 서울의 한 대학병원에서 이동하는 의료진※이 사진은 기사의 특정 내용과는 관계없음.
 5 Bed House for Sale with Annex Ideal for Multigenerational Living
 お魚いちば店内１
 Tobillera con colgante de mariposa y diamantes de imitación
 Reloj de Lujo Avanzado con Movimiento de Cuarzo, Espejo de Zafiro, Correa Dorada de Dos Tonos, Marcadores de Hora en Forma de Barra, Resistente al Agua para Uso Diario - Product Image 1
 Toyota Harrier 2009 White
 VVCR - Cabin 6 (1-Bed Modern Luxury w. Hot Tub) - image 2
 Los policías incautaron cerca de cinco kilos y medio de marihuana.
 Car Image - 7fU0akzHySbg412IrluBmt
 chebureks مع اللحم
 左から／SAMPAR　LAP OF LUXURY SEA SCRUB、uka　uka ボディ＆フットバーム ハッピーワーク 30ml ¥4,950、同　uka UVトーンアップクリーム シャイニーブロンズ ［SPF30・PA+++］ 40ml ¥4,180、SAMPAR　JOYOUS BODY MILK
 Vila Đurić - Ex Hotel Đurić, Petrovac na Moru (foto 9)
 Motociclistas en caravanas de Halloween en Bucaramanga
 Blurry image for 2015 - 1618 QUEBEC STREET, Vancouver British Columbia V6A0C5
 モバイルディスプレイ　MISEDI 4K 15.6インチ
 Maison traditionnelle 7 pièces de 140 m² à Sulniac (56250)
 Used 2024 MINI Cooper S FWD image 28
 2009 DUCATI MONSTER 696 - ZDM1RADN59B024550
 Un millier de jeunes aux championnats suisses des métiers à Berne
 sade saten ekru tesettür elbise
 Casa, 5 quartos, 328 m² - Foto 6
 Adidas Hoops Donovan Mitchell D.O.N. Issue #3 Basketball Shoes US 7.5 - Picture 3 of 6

--------

WHAT TO PRODUCE: Taking the entries above, restate exactly those lines that fall between the line with "Tobillera con colgante" and the line with "Motociclistas en caravanas", keeping both of those lines too.

SOLUTION TO THIS PROBLEM:
 Tobillera con colgante de mariposa y diamantes de imitación
 Reloj de Lujo Avanzado con Movimiento de Cuarzo, Espejo de Zafiro, Correa Dorada de Dos Tonos, Marcadores de Hora en Forma de Barra, Resistente al Agua para Uso Diario - Product Image 1
 Toyota Harrier 2009 White
 VVCR - Cabin 6 (1-Bed Modern Luxury w. Hot Tub) - image 2
 Los policías incautaron cerca de cinco kilos y medio de marihuana.
 Car Image - 7fU0akzHySbg412IrluBmt
 chebureks مع اللحم
 左から／SAMPAR　LAP OF LUXURY SEA SCRUB、uka　uka ボディ＆フットバーム ハッピーワーク 30ml ¥4,950、同　uka UVトーンアップクリーム シャイニーブロンズ ［SPF30・PA+++］ 40ml ¥4,180、SAMPAR　JOYOUS BODY MILK
 Vila Đurić - Ex Hotel Đurić, Petrovac na Moru (foto 9)
 Motociclistas en caravanas de Halloween en Bucaramanga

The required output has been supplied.